On 14 October 2014, the Employers commenced a fourth adjudication seeking declarations as to the valuation of the contract works.

On 21 October 2014, Harding commenced proceedings in the TCC seeking an injunction to restrain the fourth adjudication on the basis that all of the valuation issues raised by the Employers had already been decided in the third adjudication so that the Adjudicator in the fourth adjudication lacked jurisdiction.

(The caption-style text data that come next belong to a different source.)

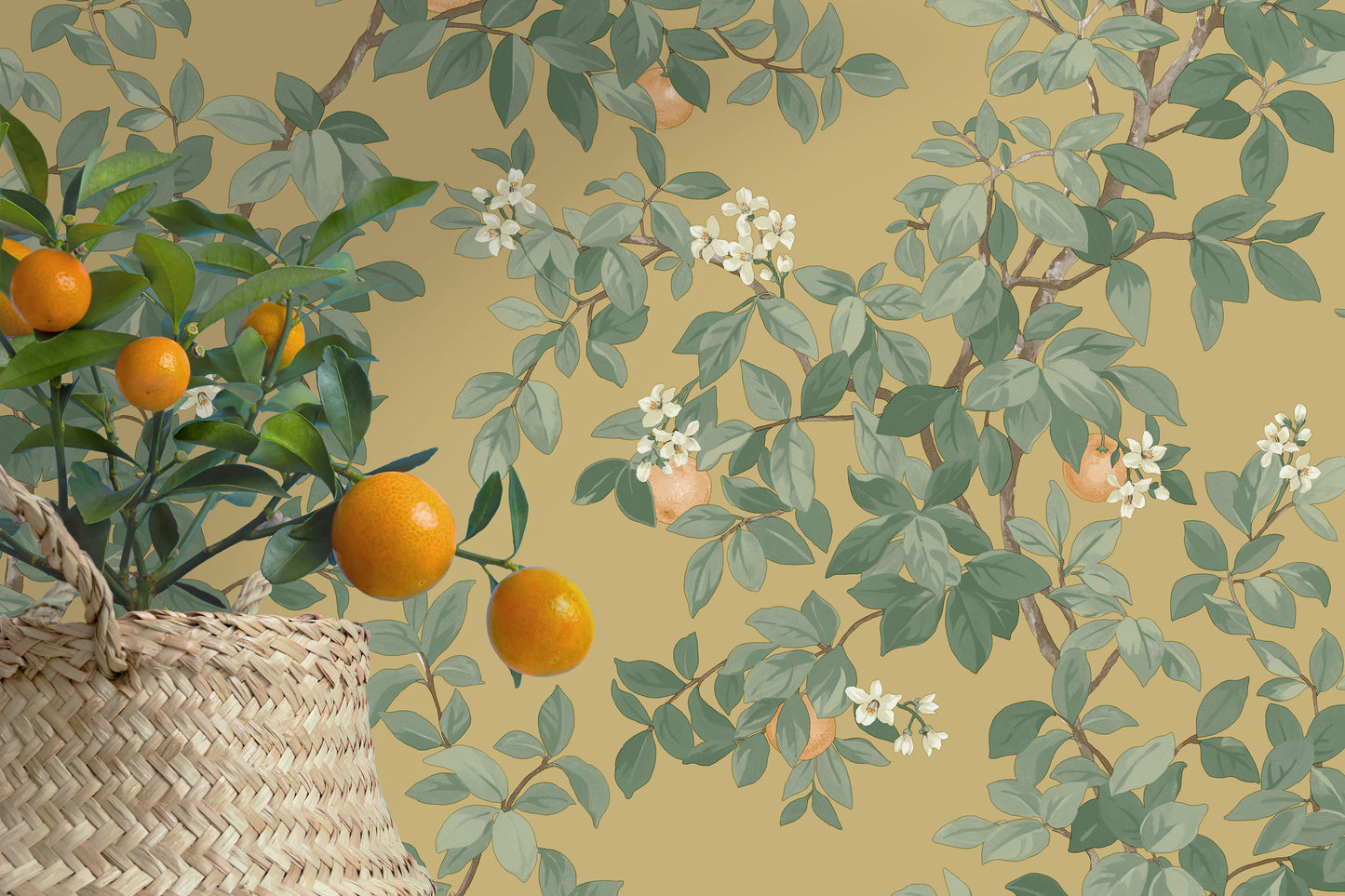 Orange Tree Ochre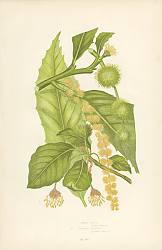 Постер Common Beech, Spanish Chesnut 1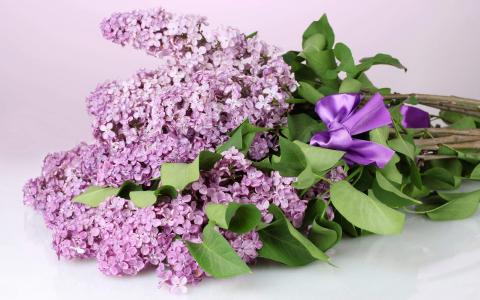 丁香花图片 _ 第(8)张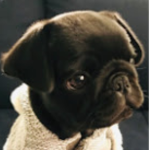Puggy Girl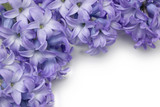 hyacinth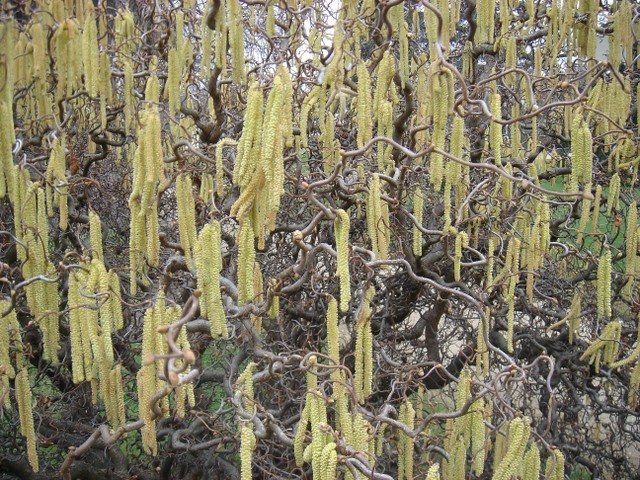 Corylus avellana 'Contorta' 3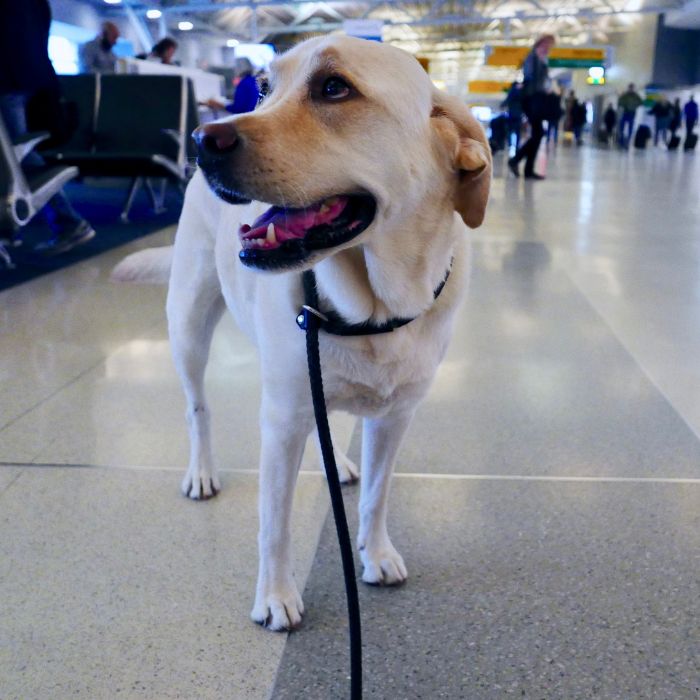 A dog stands in an airport terminal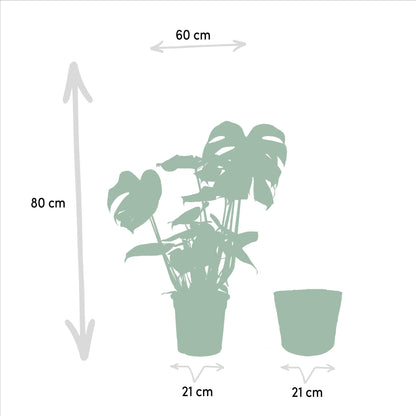 Monstera Deliciosa - ↨80cm - Ø21cm + Mand Selin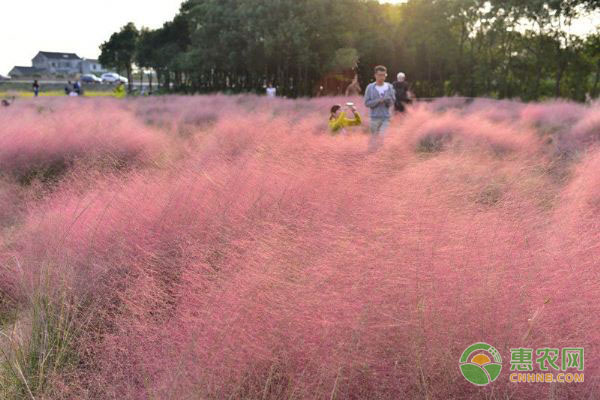 乱子草价格多少钱一株？种植粉黛乱子草的四大步骤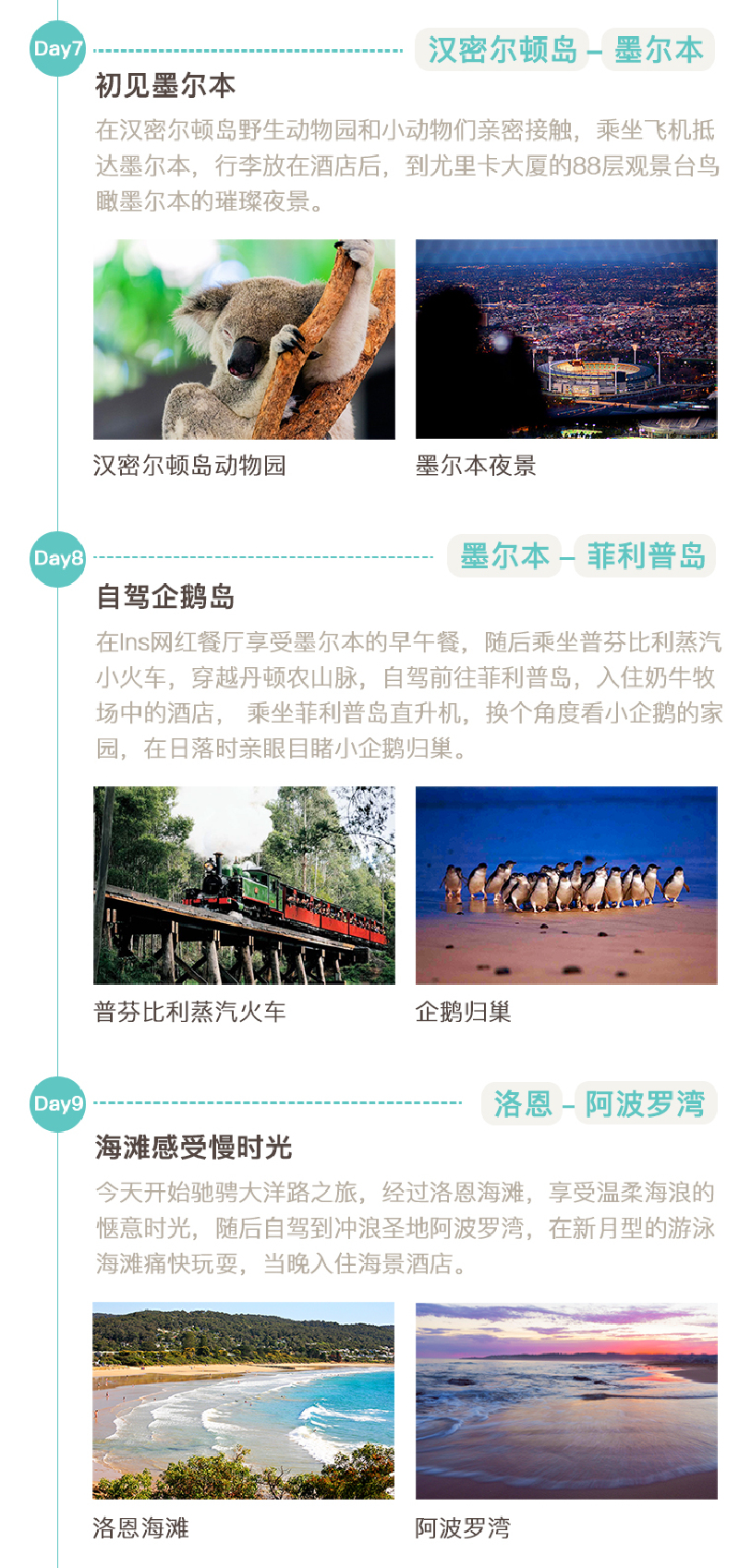 星光蜜月澳大利亚12日定制游 《花儿与少年》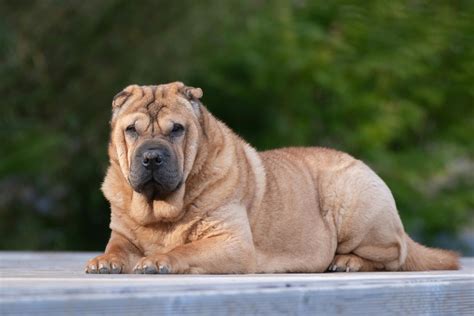 Traditional Shar Pei Ownership: Expert Care & Tips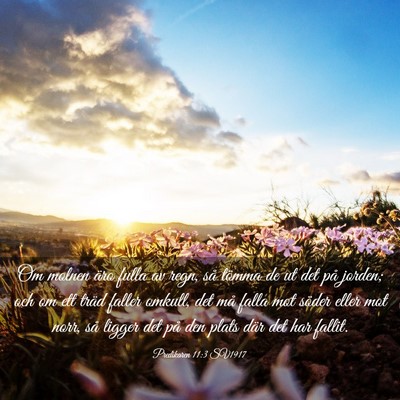 Picture 03 - Predikaren 11:3 SV1917 - Om molnen äro fulla av regn, så tömma de ut - Bible Verse Picture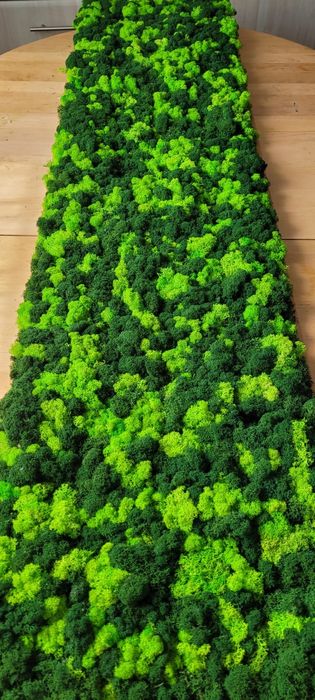 Żywe obrazy, panele z mchu i roślin stabilizowanych na dowolny wymiar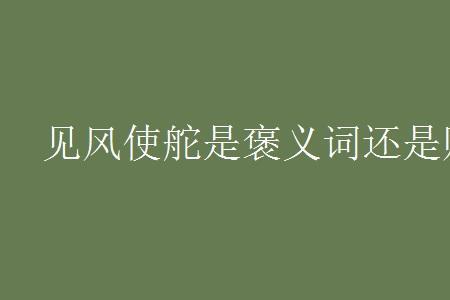 积极的贬义词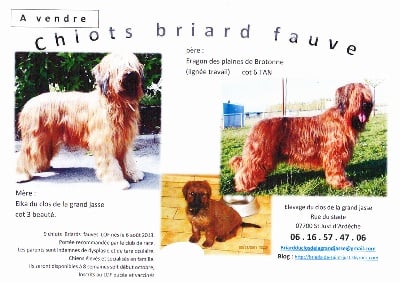 du Val de Méouge - Chiots LOF disponibles chez Béatrice au Clos de la Grande Jasse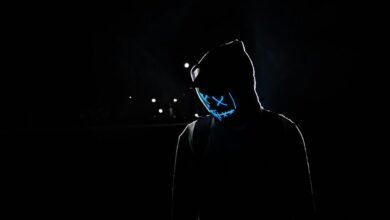 stylish digital identity creation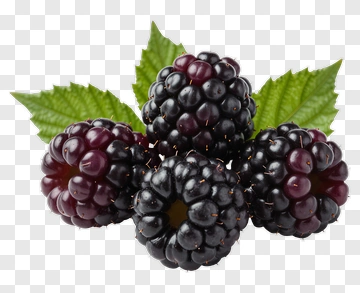 Fresh Blackberries With Green Leaves PNG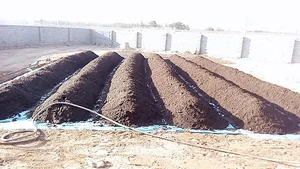 تولید کننده کود ارگانیک ورمی کمپوست در جوزدان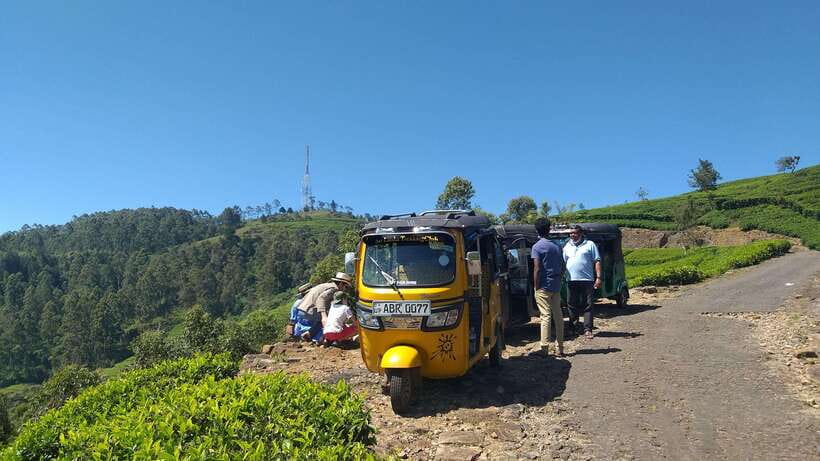 Haputale:Glorious Tuk Tuk Ride to Lipton'sSeat & Tea Factory - Price and Time: Is $35 a Fair Deal for a 5-Hour Tea Day?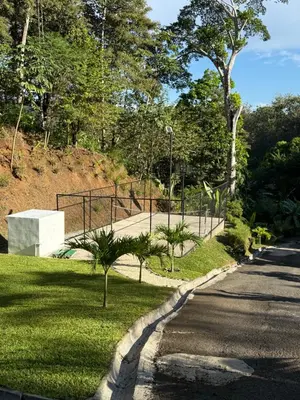 a road with a park with palm trees on a hill at Vida Palace in Jacó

On 21 November 2014, the TCC refused the injunction including on the grounds that:

  1. the failure to serve a compliant pay-less notice could not permanently deprive the Employers of the right to challenge the contractor’s account; and,
  2. that paragraph 9(2) of the Scheme applied where a dispute previously referred to adjudication had actually been decided.

Harding then commenced an appeal. On 15 December 2014, the Adjudicator in the fourth adjudication issued his Decision requiring Harding to pay the Employers some £325,484.00. However, that Decision was not enforced on grounds of apparent bias. Whether or not the Employers could commence what would be a fifth adjudication depended upon the outcome of Harding’s appeal.

The issues

Harding appealed on two grounds that in refusing the injunction the Judge had:

  1. misinterpreted paragraph 9(2) in the Scheme; and
  2. had incorrectly analysed the scope and effect of the Adjudicator’s Decision in the third adjudication.

The Decision

The Court of Appeal found that the Judge had not erred in his interpretation of the Scheme as in paragraph 9(2) the word “decision” meant a decision in relation to the dispute now being referred to adjudication. The Court therefore rejected Harding’s submission that if a similar dispute had been referred to adjudication without having been decided, that was sufficient to trigger paragraph 9(2).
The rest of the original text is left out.